BRIEF – Starting at the line below that contains "情侣旅游上海中国经典建筑背景图设计图片", print each line through the end of the records exactly as it appears.

:::

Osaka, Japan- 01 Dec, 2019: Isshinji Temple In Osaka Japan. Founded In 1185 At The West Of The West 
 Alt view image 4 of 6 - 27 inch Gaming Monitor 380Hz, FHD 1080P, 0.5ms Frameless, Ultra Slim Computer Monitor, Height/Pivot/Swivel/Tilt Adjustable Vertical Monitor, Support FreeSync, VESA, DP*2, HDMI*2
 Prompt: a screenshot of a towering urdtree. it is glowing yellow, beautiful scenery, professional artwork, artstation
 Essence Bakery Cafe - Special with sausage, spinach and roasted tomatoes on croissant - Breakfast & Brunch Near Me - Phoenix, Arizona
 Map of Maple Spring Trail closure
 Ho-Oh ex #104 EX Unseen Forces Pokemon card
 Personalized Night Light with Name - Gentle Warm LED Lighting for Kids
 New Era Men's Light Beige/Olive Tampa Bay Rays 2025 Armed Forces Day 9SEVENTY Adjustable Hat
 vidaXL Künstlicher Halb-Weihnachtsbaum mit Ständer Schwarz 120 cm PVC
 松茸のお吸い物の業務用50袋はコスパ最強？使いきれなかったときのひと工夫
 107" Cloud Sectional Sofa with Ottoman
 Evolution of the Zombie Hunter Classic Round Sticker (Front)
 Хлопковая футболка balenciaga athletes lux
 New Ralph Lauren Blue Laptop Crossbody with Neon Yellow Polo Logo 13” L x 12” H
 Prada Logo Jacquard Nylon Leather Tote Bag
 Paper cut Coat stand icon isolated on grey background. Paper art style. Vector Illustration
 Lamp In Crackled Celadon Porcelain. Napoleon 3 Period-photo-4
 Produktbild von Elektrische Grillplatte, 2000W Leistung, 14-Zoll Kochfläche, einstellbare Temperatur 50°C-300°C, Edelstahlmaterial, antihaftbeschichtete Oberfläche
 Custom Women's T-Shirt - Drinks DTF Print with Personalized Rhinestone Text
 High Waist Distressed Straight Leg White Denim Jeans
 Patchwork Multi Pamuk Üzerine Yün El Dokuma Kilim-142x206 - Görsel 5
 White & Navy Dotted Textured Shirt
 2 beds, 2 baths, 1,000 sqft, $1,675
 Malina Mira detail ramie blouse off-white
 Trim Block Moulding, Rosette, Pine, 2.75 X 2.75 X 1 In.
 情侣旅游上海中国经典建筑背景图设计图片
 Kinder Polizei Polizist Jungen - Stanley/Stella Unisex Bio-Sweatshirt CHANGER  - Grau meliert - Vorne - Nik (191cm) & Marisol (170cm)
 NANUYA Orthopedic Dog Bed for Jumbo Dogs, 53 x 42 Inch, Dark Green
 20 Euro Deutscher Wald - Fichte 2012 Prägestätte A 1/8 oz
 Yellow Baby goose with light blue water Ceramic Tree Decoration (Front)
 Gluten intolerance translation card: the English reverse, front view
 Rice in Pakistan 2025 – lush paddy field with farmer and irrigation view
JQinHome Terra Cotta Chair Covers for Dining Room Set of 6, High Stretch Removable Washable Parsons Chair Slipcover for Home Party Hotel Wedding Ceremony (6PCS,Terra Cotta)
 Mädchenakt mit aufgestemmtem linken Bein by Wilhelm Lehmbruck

:::

YOUR RESPONSE –
 情侣旅游上海中国经典建筑背景图设计图片
 Kinder Polizei Polizist Jungen - Stanley/Stella Unisex Bio-Sweatshirt CHANGER  - Grau meliert - Vorne - Nik (191cm) & Marisol (170cm)
 NANUYA Orthopedic Dog Bed for Jumbo Dogs, 53 x 42 Inch, Dark Green
 20 Euro Deutscher Wald - Fichte 2012 Prägestätte A 1/8 oz
 Yellow Baby goose with light blue water Ceramic Tree Decoration (Front)
 Gluten intolerance translation card: the English reverse, front view
 Rice in Pakistan 2025 – lush paddy field with farmer and irrigation view
JQinHome Terra Cotta Chair Covers for Dining Room Set of 6, High Stretch Removable Washable Parsons Chair Slipcover for Home Party Hotel Wedding Ceremony (6PCS,Terra Cotta)
 Mädchenakt mit aufgestemmtem linken Bein by Wilhelm Lehmbruck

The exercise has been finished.